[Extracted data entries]
==*==

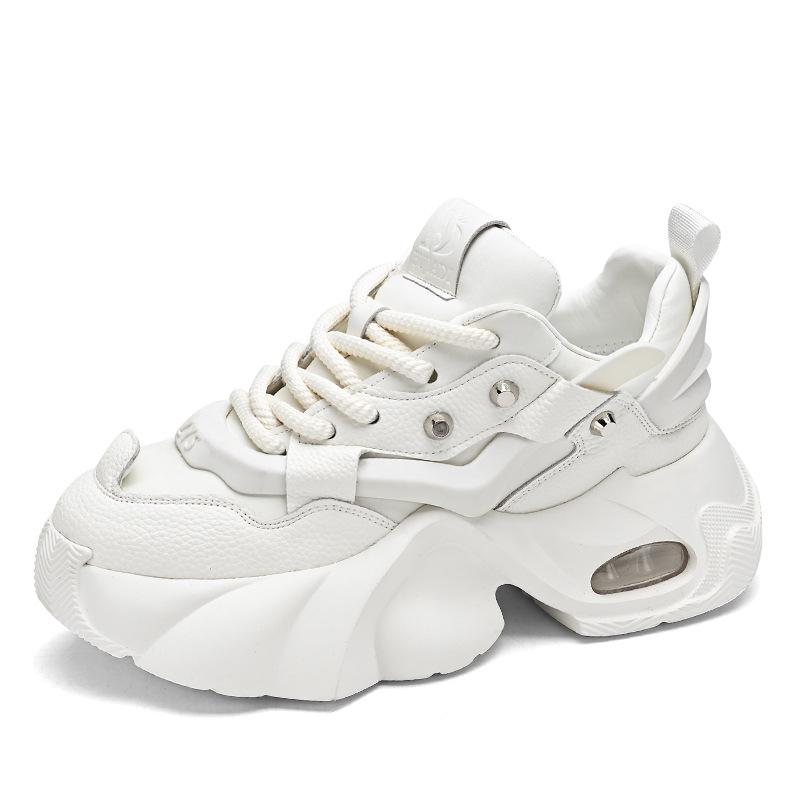 Korean Style Breathable Thick-Soled Dad Sneakers with Height Boost for Youth – Trendy and Versatile Casual Sports Shoes
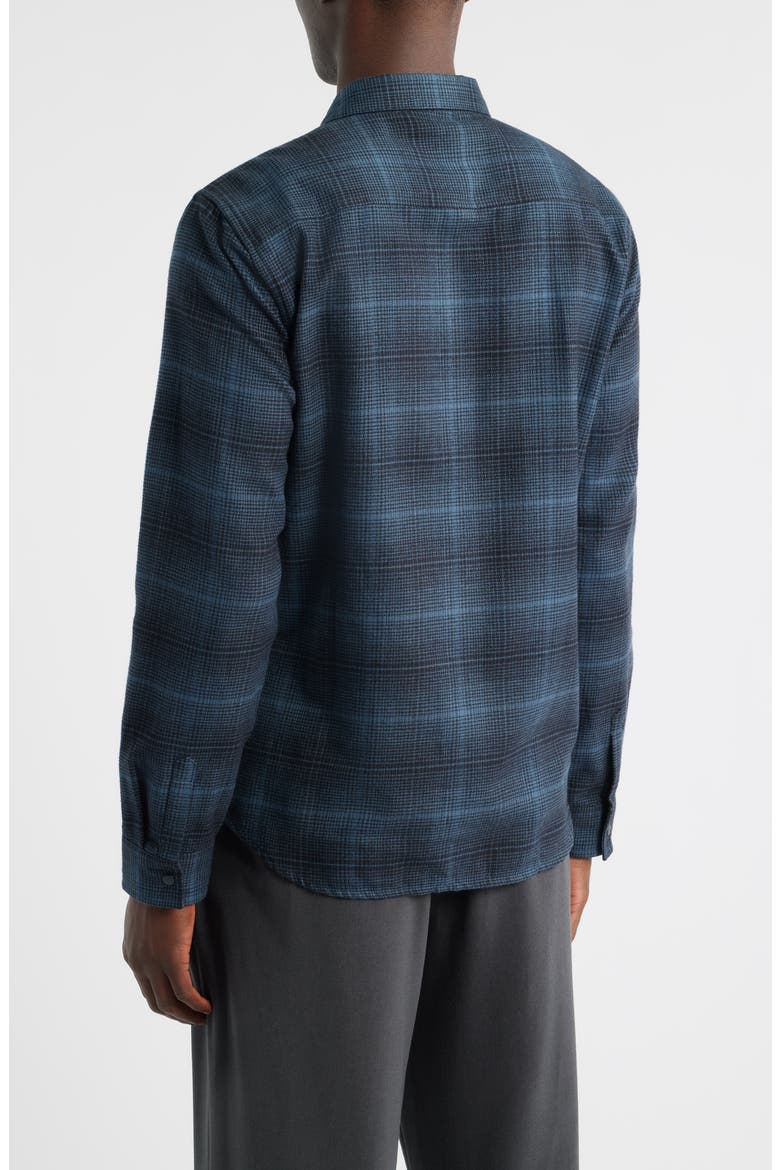 Dario Brushed Cotton Flannel Snap-Up Shirt, Alternate, color, TITANIUM BLUE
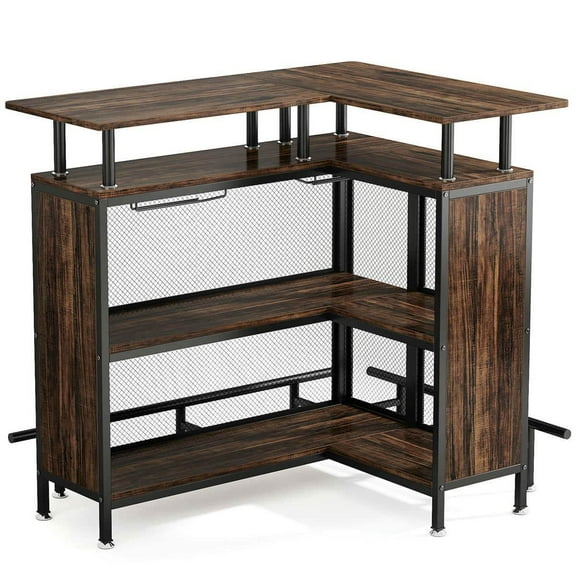 Resenkos corner bar table, Bar table with storage, L-Shaped Home Bar Unit, 3 Tier Liquor Table With Storage Shelves and Wine Glasses Holder, Brown
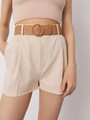 




Укороченные шорты с ремнем из эко-кожив нейтральной природной гамме. Модель высокой посадки подчеркнет талию. В комплект к шортам в коллекции можно подобрать жакет и рубашку из такой же ткани.

На модели размер XS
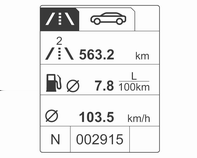 96 Göstergeler ve kumanda birimleri Dijital hız Menzil Anlık tüketim Seyir kilometre sayacı 1 Ortalama tüketim 1 Ortalama Hız 1 Seyir kilometre sayacı 2 Ortalama tüketim 2 Ortalama Hız 2 Güzergah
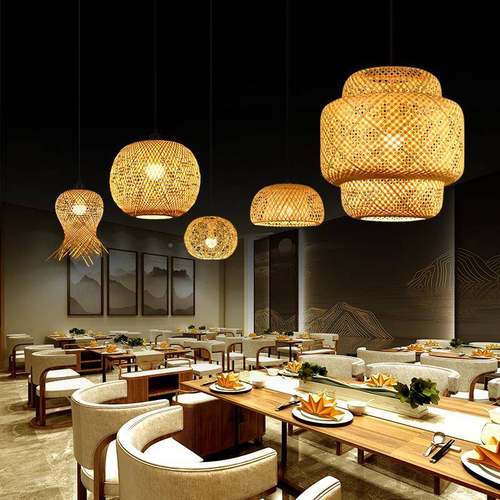 复中风竹编吊灯古藤帽艺草灯古具竹艺茶室饭店餐厅火595锅店灯笼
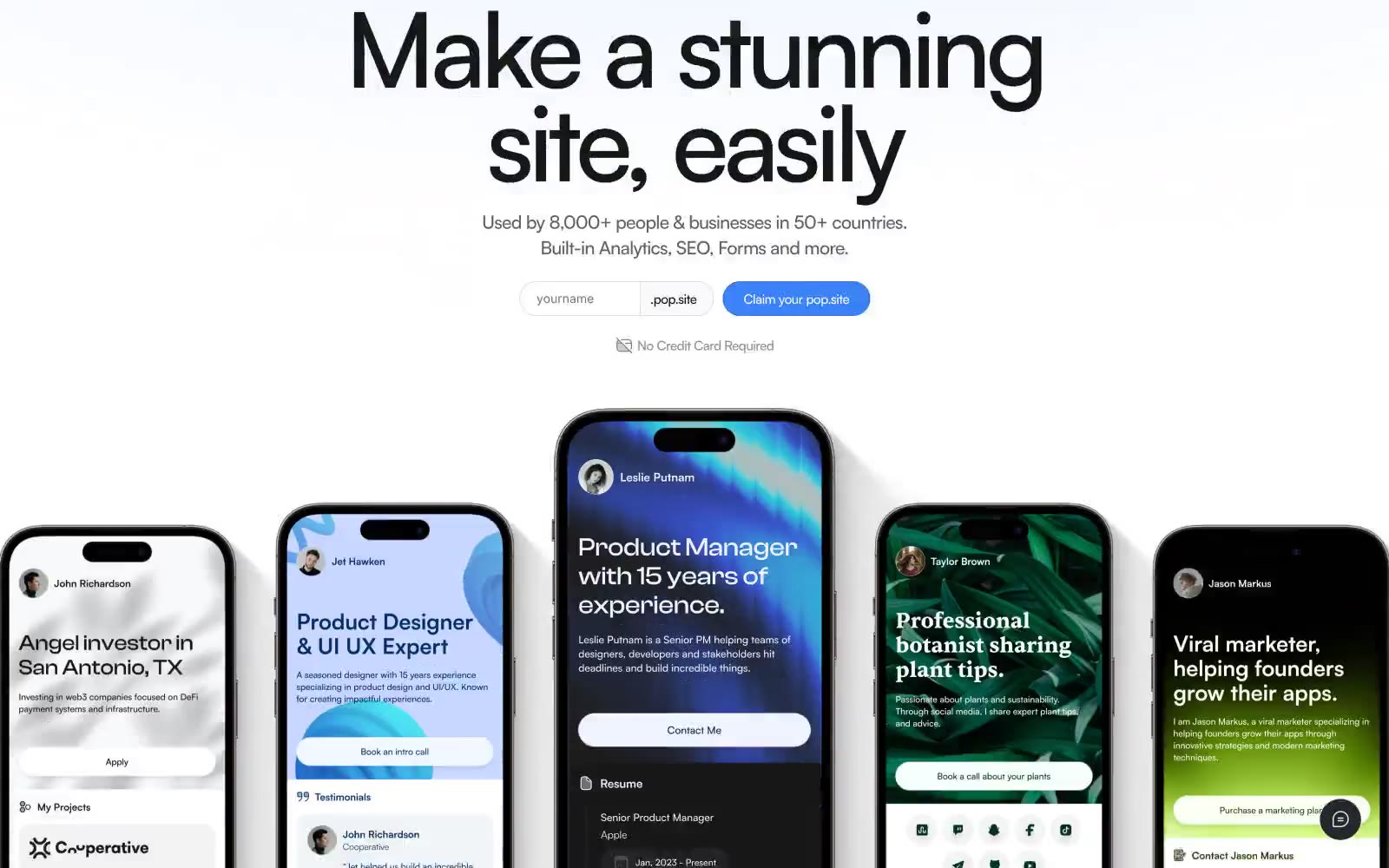 Pop Site 网站预览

==*==

» PROBLEM STATEMENT
Extract exactly the lines above from the line containing "96 Göstergeler ve" through the last one, both ends included, but not the pictures.

» ANSWER
 96 Göstergeler ve kumanda birimleri Dijital hız Menzil Anlık tüketim Seyir kilometre sayacı 1 Ortalama tüketim 1 Ortalama Hız 1 Seyir kilometre sayacı 2 Ortalama tüketim 2 Ortalama Hız 2 Güzergah
 复中风竹编吊灯古藤帽艺草灯古具竹艺茶室饭店餐厅火595锅店灯笼
 Pop Site 网站预览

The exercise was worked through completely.